START Data provided

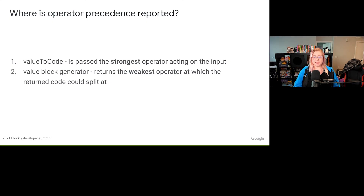Operator precedence is specified in two types of places. First, in value-to-code calls, which is used to get generated code for an input block, the strongest operator that could split the return code is passed in as an enum. Second, in the generator code for value blocks, the second item in the list returned by the block generator code is an enum representing the weakest operator that the final block of code could split at. Developers are responsible for accurately reporting operator precedence in these places in order for Blockly to determine whether wrapping code with parentheses is needed.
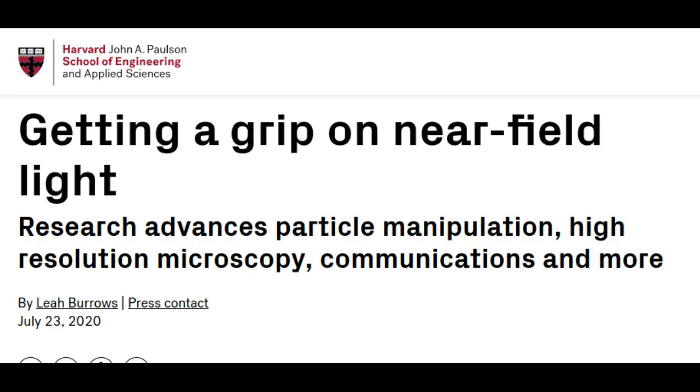However, near-field light also has the untapped potential for particle manipulation, sensing and optical communications. But since near-field light doesn't reach our eyes like far-field light does, researchers have developed a comprehensive toolkit to harness and manipulate the near-field.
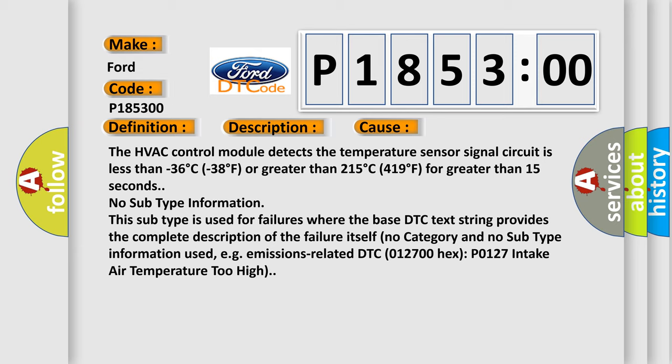No subtype information. This subtype is used for failures where the base DTC text string provides the complete description of the failure itself. No category and no subtype information used, e.g. emissions related DTC 012700 hex P0127 intake air temperature too high.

END Data provided

The pictures are to be omitted, and the rest of the listing is to be transcribed exactly.

Operator precedence is specified in two types of places. First, in value-to-code calls, which is used to get generated code for an input block, the strongest operator that could split the return code is passed in as an enum. Second, in the generator code for value blocks, the second item in the list returned by the block generator code is an enum representing the weakest operator that the final block of code could split at. Developers are responsible for accurately reporting operator precedence in these places in order for Blockly to determine whether wrapping code with parentheses is needed.
However, near-field light also has the untapped potential for particle manipulation, sensing and optical communications. But since near-field light doesn't reach our eyes like far-field light does, researchers have developed a comprehensive toolkit to harness and manipulate the near-field.
No subtype information. This subtype is used for failures where the base DTC text string provides the complete description of the failure itself. No category and no subtype information used, e.g. emissions related DTC 012700 hex P0127 intake air temperature too high.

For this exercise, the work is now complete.